- _Problem statement_
Would you please set down the lines of the data from the one containing "525 Rancho St, Pecos, Texas image 21" to the final line, exactly and only those?

Entries taken from a collection
^^^^^^^^^^^^^^^^

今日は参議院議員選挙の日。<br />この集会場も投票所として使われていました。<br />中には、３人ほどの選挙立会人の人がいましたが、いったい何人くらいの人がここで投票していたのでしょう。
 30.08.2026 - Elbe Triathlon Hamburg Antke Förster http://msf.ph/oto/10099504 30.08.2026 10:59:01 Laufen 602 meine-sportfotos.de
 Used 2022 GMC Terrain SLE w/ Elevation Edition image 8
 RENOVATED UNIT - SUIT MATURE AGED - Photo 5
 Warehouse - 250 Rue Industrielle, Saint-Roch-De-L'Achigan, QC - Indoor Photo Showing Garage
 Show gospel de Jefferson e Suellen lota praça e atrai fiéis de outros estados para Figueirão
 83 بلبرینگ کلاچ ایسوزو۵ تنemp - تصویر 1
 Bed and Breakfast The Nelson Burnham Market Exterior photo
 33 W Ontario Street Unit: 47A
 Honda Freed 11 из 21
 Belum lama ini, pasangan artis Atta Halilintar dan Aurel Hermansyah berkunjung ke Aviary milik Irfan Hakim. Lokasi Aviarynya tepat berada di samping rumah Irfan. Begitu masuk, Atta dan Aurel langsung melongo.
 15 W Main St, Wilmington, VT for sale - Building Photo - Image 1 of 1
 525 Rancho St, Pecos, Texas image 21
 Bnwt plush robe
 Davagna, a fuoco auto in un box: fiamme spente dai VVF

^^^^^^^^^^^^^^^^

- _Output for this exercise_
 525 Rancho St, Pecos, Texas image 21
 Bnwt plush robe
 Davagna, a fuoco auto in un box: fiamme spente dai VVF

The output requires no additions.